Data for this exercise.
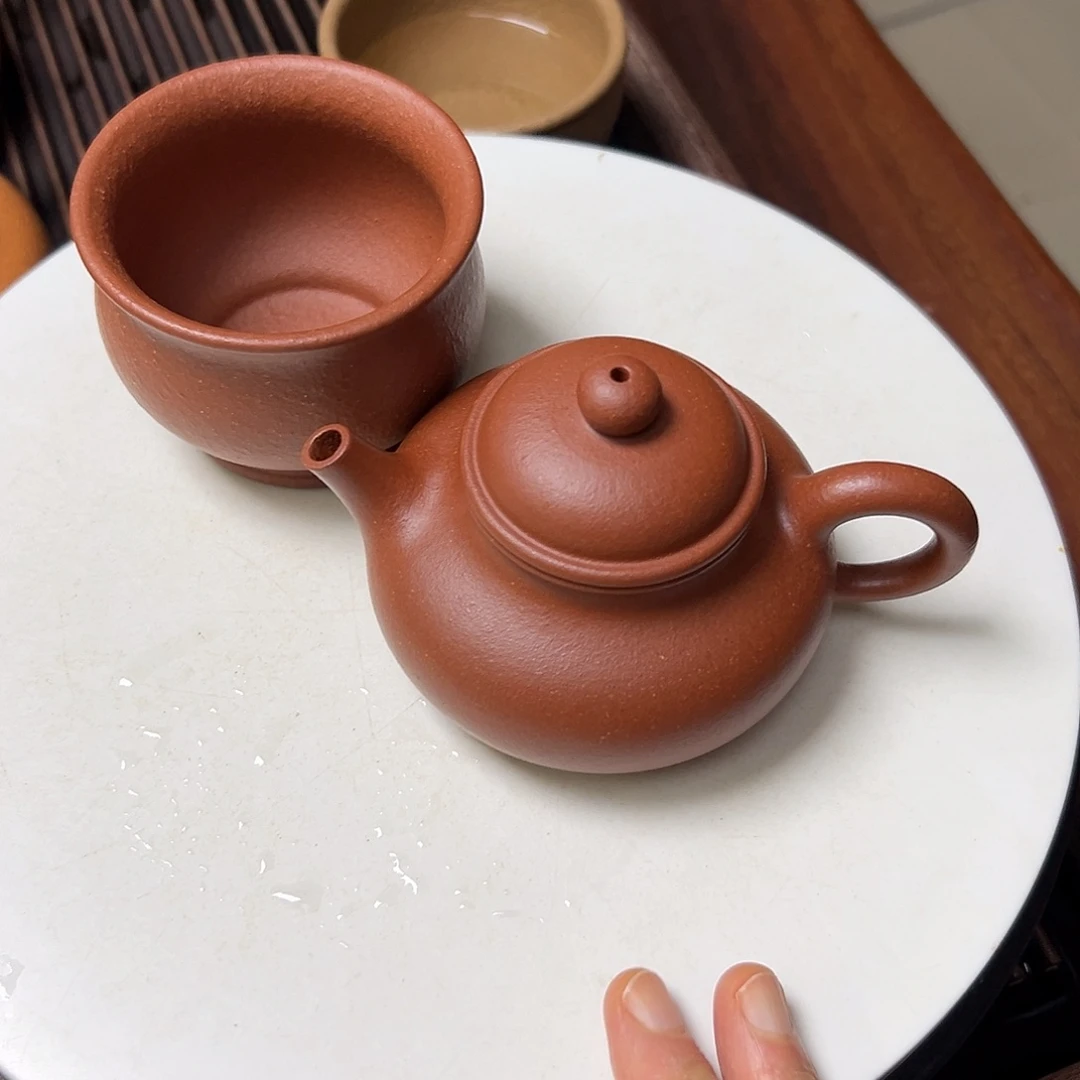 茶壶段泥紫砂壶等传统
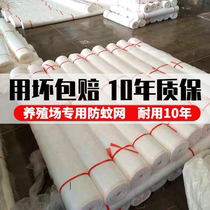 Agricultural insect net gauze net pig farm mosquito net greenhouse vegetable thickened bird net farm special fence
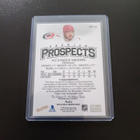 Alexander Nikishin 25-26 Metal Universe Prospects Auto - pikkukuva 2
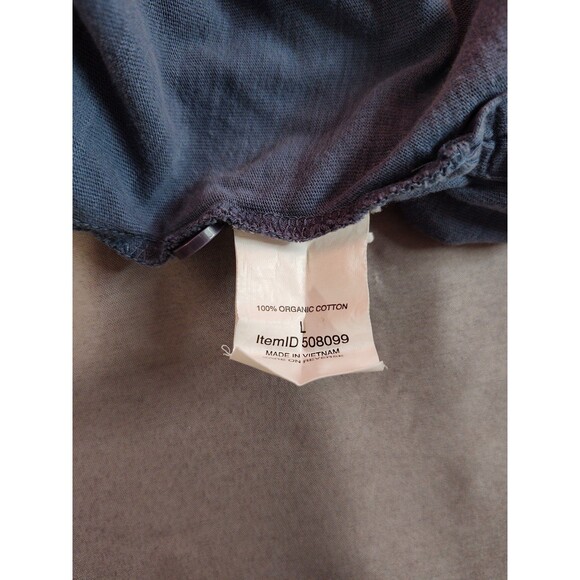 Men's L.L. Bean Slightly Fitted Long Sleeve Polo Blue Large - Picture 6 of 6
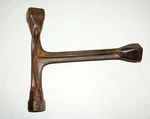 Old Vintage Large Huber A399 Socket Wrench. Fixed Price $11.00.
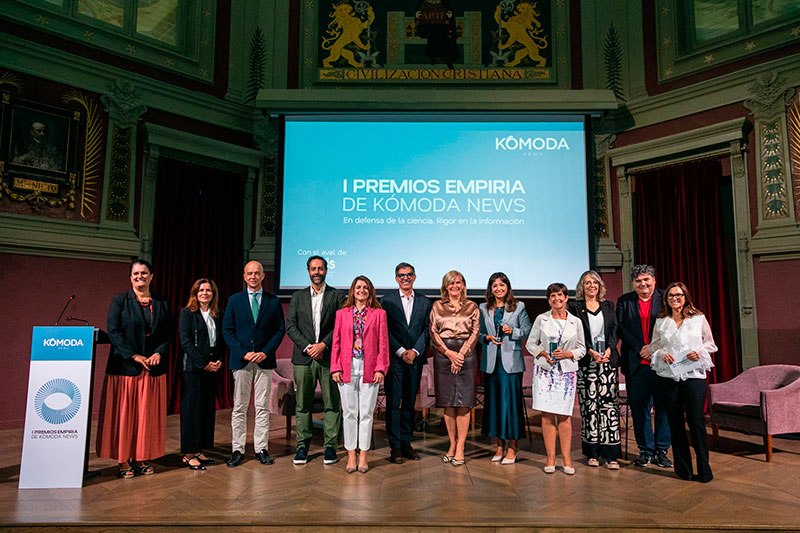 Los Premios Empiria luchan contra la desinformación en salud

Assigned task.
Give back the whole listing exactly as written. Do not include any picture.

Solution to the problem.
 茶壶段泥紫砂壶等传统
 Agricultural insect net gauze net pig farm mosquito net greenhouse vegetable thickened bird net farm special fence
 Alexander Nikishin 25-26 Metal Universe Prospects Auto - pikkukuva 2
 Men's L.L. Bean Slightly Fitted Long Sleeve Polo Blue Large - Picture 6 of 6
 Old Vintage Large Huber A399 Socket Wrench. Fixed Price $11.00.
 Los Premios Empiria luchan contra la desinformación en salud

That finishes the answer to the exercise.